H  Evidence for Trial
H1   Witnesses of fact
   Preparation and form of witness statements
H1.1   Witness statements must comply with the requirements of PD 32. The following points are also emphasised:
 
(i)   the function of a witness statement is to set out in writing the evidence in chief of the witness; as far as possible, therefore, the statement should be in the witness's own words;
 
(ii)   it should be as concise as the circumstances of the case allow without omitting any significant matters;
 
(iii)   it should not contain lengthy quotations from documents;
 
(iv)   it should not engage in argument;
 
(v)   it must indicate which of the statements made in it are made from the witness's own knowledge and which are made on information or belief, giving the source for any statement made on information or belief;
 
(vi)   it must contain a statement by the witness that he believes the matters stated in it are true; proceedings for contempt of court may be brought against a person if he makes, or causes to be made, a false statement in a witness statement without an honest belief in its truth: rule 32.14(1).
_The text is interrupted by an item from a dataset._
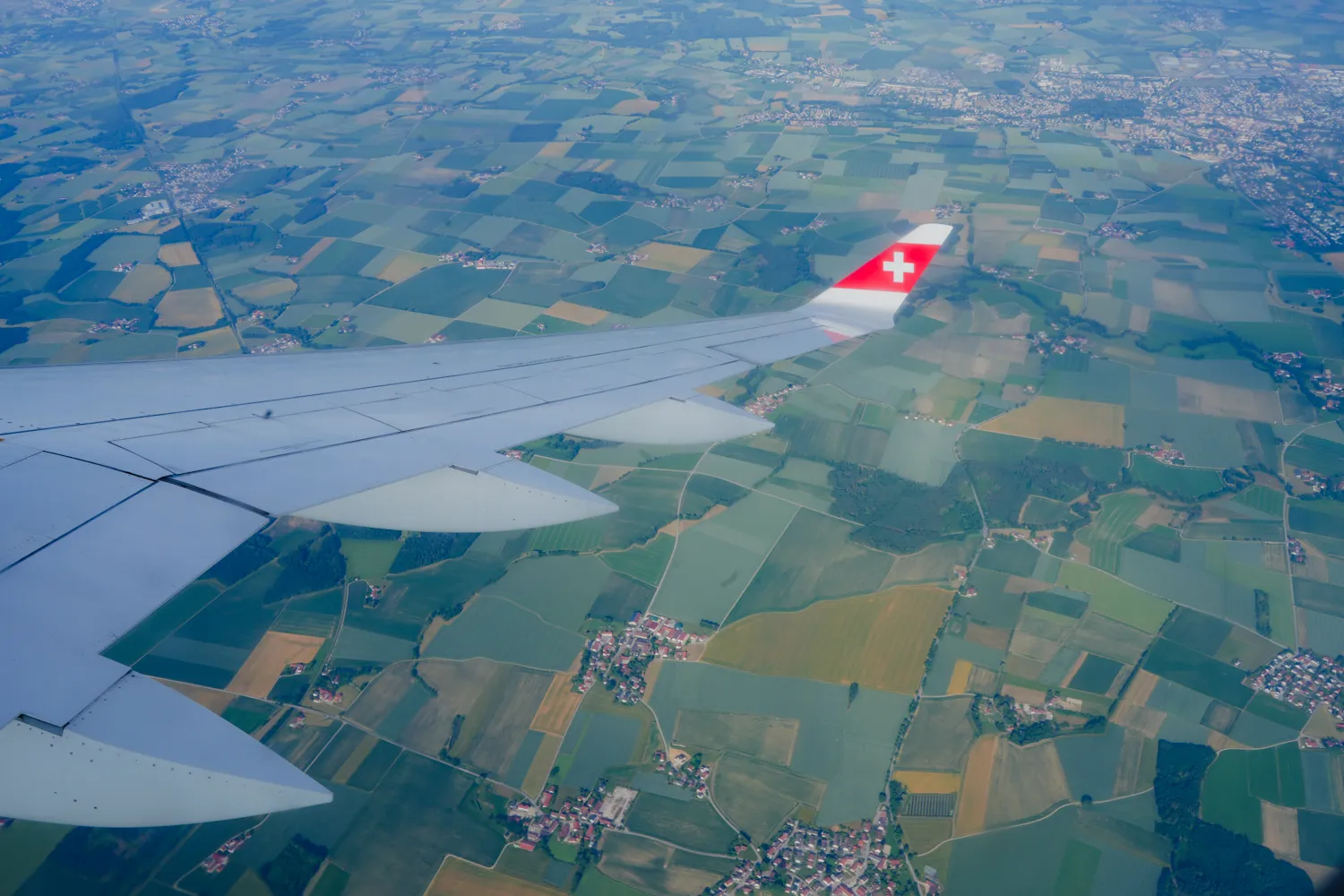 スイス上空からの景色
H1.2   It is improper to put pressure of any kind on a witness to give anything other than his own account of the matters with which his statement deals. It is also improper to serve a witness statement which is known to be false or which it is known the maker does not in all respects actually believe to be true.
   Fluency of witnesses
H1.3   If a witness is not sufficiently fluent in English to give his evidence in English, the witness statement should be in the witness's own language and a translation provided.
H1.4   If a witness is not fluent in English but can make himself understood in broken English and can understand written English, the statement need not be in his own words provided that these matters are indicated in the statement itself. It must however be written so as to express as accurately as possible the substance of his evidence.
   Witness statement as evidence in chief
H1.5  
(a)   Where a witness is called to give oral evidence, his witness statement is to stand as his evidence in chief unless the Court orders otherwise: rule 32.5(2).
(b)   In an appropriate case the trial judge may direct that the whole or any part of a witness's evidence in chief is to be given orally. Any application for such an order should be made at the beginning of the trial.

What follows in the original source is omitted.